I can't get away with this error. I keep getting "UnicodeDecodeError: 'utf-8' codec can't decode byte 0xea in position 23: invalid continuation byte" when reading csv with pandas.

I have already tried everything I have seen online. I have already converted the csv file to many encodings and I still can't make this error disappear. I have already converted the file to UTF-8 with sublimetext and notepad.

import tensorflow as tf
import pandas as pd

csv_path="C:\\Users\\diogo\\Transferências\\E0.csv"
dataset=pd.read_csv(csv_path,encoding="utf-8")

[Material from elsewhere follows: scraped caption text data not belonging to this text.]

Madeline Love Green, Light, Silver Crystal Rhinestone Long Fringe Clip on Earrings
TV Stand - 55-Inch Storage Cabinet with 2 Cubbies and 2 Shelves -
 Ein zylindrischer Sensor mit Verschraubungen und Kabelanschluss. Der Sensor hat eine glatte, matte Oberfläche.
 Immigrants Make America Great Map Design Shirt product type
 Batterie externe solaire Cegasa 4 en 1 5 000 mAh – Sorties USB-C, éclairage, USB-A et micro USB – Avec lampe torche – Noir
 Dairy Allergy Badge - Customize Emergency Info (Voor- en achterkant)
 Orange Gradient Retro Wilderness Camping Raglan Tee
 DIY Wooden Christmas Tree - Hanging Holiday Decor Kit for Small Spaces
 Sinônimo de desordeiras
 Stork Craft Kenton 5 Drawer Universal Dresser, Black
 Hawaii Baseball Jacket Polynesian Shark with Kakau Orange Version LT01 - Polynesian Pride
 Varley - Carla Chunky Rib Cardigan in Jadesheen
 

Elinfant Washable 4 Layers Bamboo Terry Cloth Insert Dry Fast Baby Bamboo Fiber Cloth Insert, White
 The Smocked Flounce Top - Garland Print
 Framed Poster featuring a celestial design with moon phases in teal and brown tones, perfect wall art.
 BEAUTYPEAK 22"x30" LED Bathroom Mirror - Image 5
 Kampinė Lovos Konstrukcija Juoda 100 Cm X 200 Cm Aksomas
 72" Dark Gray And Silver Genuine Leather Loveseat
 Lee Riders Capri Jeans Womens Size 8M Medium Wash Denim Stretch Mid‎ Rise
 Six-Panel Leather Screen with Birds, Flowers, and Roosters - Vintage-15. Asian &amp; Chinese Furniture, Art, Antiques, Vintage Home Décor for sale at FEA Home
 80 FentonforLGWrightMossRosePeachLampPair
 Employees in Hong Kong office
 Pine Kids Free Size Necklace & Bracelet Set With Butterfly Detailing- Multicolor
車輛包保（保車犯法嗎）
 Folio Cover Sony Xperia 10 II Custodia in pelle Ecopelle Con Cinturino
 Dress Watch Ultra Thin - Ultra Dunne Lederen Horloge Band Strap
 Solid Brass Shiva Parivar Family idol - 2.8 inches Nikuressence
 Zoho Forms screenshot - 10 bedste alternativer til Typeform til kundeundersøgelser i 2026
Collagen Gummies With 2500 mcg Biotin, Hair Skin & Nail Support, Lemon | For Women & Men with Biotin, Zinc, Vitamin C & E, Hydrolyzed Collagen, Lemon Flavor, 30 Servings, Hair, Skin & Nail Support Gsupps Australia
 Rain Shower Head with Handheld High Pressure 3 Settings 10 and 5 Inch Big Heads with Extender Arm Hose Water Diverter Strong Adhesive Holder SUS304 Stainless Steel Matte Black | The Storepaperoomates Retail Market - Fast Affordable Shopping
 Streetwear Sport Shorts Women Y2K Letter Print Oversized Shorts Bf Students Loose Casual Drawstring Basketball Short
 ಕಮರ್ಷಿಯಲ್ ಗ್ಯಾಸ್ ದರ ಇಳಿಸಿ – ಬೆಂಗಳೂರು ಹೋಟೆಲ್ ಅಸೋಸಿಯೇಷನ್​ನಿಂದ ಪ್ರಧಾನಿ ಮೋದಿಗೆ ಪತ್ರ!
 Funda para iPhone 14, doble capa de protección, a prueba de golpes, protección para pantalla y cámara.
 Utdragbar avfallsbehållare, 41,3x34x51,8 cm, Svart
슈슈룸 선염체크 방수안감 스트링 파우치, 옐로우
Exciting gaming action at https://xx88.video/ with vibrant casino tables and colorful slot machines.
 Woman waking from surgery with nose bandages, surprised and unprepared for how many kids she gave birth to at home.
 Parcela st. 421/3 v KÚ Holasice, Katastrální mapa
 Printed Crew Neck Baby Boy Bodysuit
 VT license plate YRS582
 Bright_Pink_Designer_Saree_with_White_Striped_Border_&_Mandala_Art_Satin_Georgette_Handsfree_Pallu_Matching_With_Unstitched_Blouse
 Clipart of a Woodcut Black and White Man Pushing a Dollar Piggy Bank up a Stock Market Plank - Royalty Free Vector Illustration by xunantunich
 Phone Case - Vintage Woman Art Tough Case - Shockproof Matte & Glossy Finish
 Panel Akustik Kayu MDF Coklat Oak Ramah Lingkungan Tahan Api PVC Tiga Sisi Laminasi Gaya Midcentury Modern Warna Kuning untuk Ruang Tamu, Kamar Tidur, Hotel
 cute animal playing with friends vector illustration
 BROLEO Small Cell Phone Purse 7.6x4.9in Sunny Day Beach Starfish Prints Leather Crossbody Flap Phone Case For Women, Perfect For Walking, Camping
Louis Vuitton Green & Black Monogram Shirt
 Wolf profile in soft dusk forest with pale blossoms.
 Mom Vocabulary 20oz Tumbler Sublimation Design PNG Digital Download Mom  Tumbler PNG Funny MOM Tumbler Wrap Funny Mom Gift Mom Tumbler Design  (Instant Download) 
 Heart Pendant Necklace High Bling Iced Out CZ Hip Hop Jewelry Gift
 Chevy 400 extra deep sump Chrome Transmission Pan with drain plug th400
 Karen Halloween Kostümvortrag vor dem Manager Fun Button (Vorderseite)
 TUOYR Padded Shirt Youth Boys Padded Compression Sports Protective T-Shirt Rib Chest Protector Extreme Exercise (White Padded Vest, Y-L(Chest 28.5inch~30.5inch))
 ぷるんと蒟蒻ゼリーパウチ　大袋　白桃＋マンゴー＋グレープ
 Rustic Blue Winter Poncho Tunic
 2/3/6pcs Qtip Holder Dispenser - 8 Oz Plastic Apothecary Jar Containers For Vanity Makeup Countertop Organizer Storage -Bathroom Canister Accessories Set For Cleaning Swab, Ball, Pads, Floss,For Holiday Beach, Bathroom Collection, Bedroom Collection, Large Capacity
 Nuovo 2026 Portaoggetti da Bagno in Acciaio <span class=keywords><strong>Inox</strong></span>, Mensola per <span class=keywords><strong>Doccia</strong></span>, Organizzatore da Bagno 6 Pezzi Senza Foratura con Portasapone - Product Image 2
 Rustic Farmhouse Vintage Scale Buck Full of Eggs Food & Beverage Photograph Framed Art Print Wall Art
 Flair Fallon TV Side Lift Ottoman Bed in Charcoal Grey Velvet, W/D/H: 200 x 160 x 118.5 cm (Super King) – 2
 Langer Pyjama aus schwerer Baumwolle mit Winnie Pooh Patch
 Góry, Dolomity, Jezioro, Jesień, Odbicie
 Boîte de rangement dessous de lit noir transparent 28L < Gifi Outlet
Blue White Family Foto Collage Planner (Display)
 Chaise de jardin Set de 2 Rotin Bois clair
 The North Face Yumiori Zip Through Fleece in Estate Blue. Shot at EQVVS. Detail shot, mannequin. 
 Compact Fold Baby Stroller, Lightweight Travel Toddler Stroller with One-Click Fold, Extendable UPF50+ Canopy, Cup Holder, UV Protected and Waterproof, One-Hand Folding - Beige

I expected to read the dataset correctly but i always shows this error. Also when I, change the encoding of the pandas reader I still get the error "'utf-8' codec can't decode. Is this supposed to happen? Shouldn't the error change to another error when I change the 'utf-8' encoding? If you know of any alternative ways of reading csv's to tensorflow, the information would also be much appreciated. Thanks.

3

3 Answers

2
votes

I finnaly discovered the encoding was "cp1252" with the following code:

with open('food.csv') as f:
    print(f)

Still don't know why the encoding didn't change to 'utf-8' when I saved the file with sublime text and notepad.

1
votes

This does not require any module imports, but you can re-open with the steps you specified in the question.

with open('some_file.csv') as file:
    print(file.read()) # should return a (probably long) string
    print(file.decode('utf-8')) # remove the 'b' in the b'string'
0
votes

Try using

open(filepath_, 'rb')

instead of

open(filepath_)

this worked for me on Python 3.8.5